During the Renaissance it was common for noble families to spin a web of alliances through arranged marriages. Often these were celebrated by combined coats of arms on elegant glass objects made in the Venetian style.
An example in the Beyond Venice exhibition was objects memorializing the wedding of France’s King Louis XII and Anne of Brittany in 1498. She was the widow of Louis’ cousin and predecessor on the throne. Some historians believe Louis married her to retain Brittany as part of France.
It was probably also for reasons of state that Archduke Ferdinand I of Austria, wed Anna Gonzaga of Mantua. The Gonzagas were a prominent family that at one point also ruled the duchy of Orleans in France. The marriage took place in 1582, two years after the death of Ferdinand’s first wife.
An even more prominent name in Renaissance Europe was the Medici family of Florence. Catherine de Medici married King Henry II of France after he was crowned in 1547 and both were active in supporting the glasshouses of France.

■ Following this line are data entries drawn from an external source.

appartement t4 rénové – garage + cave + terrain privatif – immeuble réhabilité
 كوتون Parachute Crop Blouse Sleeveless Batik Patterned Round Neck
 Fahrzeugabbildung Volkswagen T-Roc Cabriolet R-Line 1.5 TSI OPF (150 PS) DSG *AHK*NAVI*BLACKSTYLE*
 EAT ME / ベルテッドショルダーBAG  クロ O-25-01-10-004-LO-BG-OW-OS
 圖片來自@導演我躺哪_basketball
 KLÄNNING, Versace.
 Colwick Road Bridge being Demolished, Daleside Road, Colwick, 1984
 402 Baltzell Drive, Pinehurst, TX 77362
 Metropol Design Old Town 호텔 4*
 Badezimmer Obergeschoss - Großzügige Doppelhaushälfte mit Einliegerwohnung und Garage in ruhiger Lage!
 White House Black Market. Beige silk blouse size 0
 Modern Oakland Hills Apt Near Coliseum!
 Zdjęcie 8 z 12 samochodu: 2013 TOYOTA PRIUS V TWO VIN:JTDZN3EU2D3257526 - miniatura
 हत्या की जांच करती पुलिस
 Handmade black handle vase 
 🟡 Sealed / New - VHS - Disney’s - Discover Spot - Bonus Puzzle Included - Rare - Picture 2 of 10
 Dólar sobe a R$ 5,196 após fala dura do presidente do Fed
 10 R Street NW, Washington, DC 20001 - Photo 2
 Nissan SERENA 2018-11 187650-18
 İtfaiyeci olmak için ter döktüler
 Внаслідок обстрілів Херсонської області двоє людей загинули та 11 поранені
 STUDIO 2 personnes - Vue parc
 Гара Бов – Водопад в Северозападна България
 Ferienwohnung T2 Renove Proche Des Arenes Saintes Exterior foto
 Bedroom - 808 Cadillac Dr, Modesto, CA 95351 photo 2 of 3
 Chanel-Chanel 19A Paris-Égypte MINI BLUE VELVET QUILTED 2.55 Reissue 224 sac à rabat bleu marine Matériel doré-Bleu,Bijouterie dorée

Non-royals also emblazoned coats of arms on wedding objects. One made for the Behaim family of Nuremburg, Germany around 1500 showed not only the Behaim coat of arms but also images of the archangel St. Michael and the martyred St. Catherine of Alexandria. This combination long posed a mystery for modern historians and experts in glass and heraldry. Then a wedding contract was found, dated July 1495, and it made everything clear. The object was made in Venice to be sent to Germany for the wedding of Michael Behaim and Catherine Lochner.